Welcome Serena Central users! CLICK HERE
The migration of the Serena Central community is currently underway. Be sure to read THIS MESSAGE to get your new login set up to access your account.
turgon2007 Absent Member.
Absent Member.
822 views

WECS reports backlogged Agent


Hi,

Recently we installed the WECS service in a customer’s environment to
collect the Windows events in Sentinel.

When the WECS service starts, the collector starts receiving the events
at normal rate. In less than an hour though, the WECS log shows that the
“Agent is backlogged” and sending of events is suspended. After that
it’ll take a considerable time (sometimes hours) before sending of
events is resumed. After that the agent is quickly backlogged again. The
result is that the EPS slows down to a trickle.

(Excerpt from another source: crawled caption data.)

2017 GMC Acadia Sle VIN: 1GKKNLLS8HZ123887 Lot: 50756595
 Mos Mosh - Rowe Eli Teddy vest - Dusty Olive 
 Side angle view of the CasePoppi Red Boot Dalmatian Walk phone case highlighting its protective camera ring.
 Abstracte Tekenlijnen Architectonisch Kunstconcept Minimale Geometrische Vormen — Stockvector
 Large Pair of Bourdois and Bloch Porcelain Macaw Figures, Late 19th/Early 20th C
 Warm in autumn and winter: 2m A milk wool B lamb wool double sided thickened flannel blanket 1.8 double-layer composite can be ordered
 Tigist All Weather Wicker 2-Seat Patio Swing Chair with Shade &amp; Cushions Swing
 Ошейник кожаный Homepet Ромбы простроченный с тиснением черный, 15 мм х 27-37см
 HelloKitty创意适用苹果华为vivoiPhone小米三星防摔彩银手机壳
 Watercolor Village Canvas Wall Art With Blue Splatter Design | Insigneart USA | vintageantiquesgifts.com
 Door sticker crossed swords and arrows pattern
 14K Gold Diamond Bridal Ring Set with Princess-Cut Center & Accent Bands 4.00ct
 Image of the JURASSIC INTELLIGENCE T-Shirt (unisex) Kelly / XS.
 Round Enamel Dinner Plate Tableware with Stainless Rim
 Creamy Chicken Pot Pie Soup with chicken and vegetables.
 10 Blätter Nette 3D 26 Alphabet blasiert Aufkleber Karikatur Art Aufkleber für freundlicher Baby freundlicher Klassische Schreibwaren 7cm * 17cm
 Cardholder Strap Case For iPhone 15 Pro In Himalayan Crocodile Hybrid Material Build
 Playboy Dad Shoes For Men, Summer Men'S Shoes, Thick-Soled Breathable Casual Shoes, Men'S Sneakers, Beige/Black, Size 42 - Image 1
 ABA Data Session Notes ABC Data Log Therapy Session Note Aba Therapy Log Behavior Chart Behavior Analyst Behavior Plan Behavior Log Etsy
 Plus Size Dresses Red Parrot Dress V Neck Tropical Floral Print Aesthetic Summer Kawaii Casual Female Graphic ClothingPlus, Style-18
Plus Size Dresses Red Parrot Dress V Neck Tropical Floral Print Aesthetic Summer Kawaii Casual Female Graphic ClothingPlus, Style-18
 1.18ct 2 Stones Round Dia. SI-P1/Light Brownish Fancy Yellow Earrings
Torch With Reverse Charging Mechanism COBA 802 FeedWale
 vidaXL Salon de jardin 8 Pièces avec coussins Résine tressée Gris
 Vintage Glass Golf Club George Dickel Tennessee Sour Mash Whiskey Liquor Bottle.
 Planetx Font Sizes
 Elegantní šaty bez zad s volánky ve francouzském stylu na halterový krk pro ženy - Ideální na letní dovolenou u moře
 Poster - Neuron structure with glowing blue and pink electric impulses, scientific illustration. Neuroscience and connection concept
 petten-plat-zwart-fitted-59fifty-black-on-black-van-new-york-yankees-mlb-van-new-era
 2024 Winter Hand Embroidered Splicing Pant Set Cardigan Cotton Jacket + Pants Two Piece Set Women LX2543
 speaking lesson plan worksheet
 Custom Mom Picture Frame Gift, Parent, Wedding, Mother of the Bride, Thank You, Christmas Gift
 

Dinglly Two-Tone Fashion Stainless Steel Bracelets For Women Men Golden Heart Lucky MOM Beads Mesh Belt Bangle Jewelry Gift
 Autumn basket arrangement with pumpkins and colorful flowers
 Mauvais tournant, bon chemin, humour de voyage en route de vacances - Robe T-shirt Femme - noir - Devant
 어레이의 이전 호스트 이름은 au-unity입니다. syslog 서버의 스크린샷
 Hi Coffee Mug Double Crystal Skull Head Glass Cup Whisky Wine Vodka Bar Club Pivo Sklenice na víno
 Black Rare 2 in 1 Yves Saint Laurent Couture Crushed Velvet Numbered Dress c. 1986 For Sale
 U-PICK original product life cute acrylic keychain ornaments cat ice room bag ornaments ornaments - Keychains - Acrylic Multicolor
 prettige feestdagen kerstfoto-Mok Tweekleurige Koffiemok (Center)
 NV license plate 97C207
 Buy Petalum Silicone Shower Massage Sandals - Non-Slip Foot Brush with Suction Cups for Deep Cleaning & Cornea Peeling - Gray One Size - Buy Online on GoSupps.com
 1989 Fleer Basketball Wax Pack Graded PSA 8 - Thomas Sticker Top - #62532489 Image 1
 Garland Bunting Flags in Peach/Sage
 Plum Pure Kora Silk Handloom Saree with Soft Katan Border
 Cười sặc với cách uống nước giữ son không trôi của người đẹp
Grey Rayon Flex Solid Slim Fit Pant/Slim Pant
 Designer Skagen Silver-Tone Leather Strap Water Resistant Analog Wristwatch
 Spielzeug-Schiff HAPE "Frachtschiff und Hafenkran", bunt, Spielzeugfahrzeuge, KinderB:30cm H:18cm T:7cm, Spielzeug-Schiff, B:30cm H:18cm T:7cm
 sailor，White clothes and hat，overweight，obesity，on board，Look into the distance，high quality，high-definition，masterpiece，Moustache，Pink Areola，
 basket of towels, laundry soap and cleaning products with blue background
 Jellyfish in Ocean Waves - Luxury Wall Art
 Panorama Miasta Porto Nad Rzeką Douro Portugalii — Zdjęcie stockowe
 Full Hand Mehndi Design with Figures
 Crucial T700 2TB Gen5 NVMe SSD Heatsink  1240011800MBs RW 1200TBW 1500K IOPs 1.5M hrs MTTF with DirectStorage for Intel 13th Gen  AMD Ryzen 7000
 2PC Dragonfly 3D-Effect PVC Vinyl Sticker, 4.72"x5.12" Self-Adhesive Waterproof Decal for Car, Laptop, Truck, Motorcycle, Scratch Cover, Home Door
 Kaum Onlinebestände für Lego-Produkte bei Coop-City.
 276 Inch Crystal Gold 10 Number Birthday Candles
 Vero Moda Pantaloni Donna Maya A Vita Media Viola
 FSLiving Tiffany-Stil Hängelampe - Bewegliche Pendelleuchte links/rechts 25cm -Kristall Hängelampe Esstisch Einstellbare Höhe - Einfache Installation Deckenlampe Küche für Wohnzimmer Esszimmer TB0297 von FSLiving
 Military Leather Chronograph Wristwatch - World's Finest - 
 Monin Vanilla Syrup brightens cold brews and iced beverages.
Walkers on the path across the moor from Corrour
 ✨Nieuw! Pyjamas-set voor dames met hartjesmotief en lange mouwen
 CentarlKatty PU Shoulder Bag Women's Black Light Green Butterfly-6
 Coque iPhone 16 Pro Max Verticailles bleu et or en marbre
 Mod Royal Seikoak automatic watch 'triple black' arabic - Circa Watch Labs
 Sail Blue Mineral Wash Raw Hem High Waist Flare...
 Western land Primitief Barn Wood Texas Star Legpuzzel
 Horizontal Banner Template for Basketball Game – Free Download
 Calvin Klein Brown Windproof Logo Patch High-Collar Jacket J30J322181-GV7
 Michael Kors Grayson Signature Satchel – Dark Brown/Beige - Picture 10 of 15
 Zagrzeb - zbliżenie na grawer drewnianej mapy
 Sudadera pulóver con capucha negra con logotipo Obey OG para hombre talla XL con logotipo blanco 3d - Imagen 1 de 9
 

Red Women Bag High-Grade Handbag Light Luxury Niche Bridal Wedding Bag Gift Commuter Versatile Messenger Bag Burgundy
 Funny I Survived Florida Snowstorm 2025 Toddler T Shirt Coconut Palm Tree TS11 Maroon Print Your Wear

Sometimes to 7 EPS in a
minute.

When checking the server0.0.log on the sentinel system, it reports on
the Active Directory and Windows Collector :
99% (14.52 min) Raw Data Waiting to be Parsed

The Sentinel server’s resources and the WECS server’s resources don’t
appear the be the bottleneck. Neither is reaching its maximum capacity
when this occurs. The Sentinel server itself has 8 2,4Ghz CPUs and 16G
and uses half of that when encountering this problem.

The Collector has one WMI Connector attached to it, listening on the
(default) port 1024 and 7 (rather active) Active Directories running.

Does any one have an idea how to troubleshoot and/or solve this
performance problem? Especially the part where raw data cannot be parsed
while the server resources are still plentiful.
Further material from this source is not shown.